» Source data
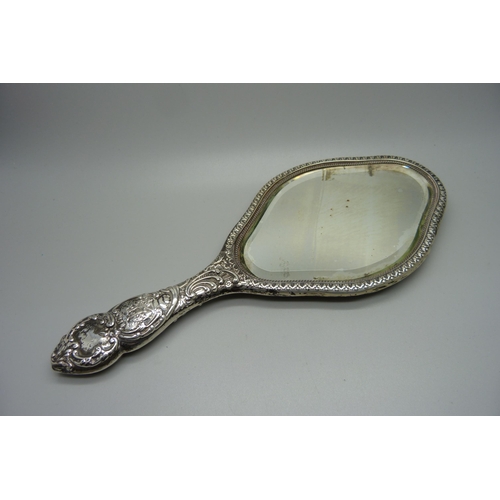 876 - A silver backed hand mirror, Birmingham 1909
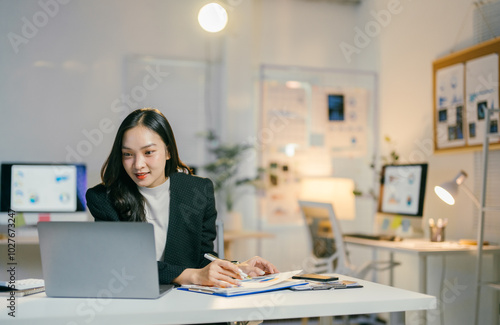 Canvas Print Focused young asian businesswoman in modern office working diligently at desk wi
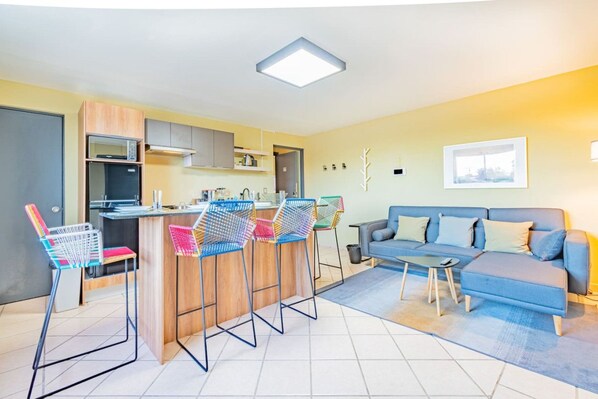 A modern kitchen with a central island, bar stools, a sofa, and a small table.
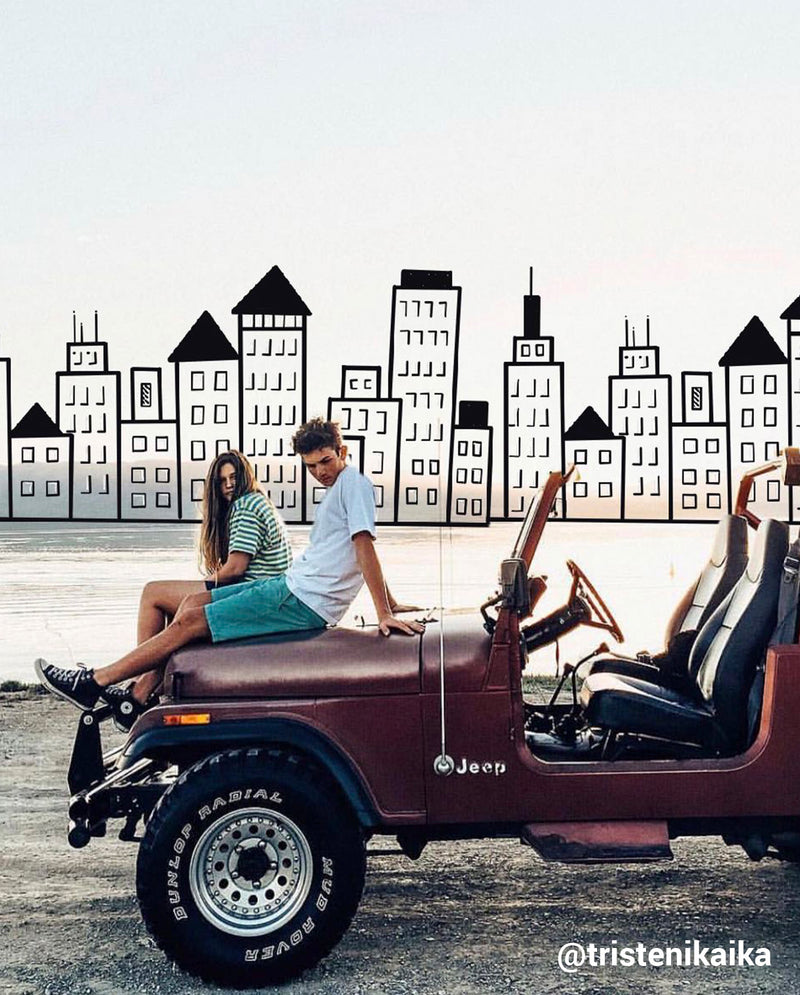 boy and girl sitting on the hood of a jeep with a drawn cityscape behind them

» About this task
Since only the text is needed, retype the data above exactly and omit the pictures.

» Response below
 876 - A silver backed hand mirror, Birmingham 1909
 Canvas Print Focused young asian businesswoman in modern office working diligently at desk wi
 A modern kitchen with a central island, bar stools, a sofa, and a small table.
 boy and girl sitting on the hood of a jeep with a drawn cityscape behind them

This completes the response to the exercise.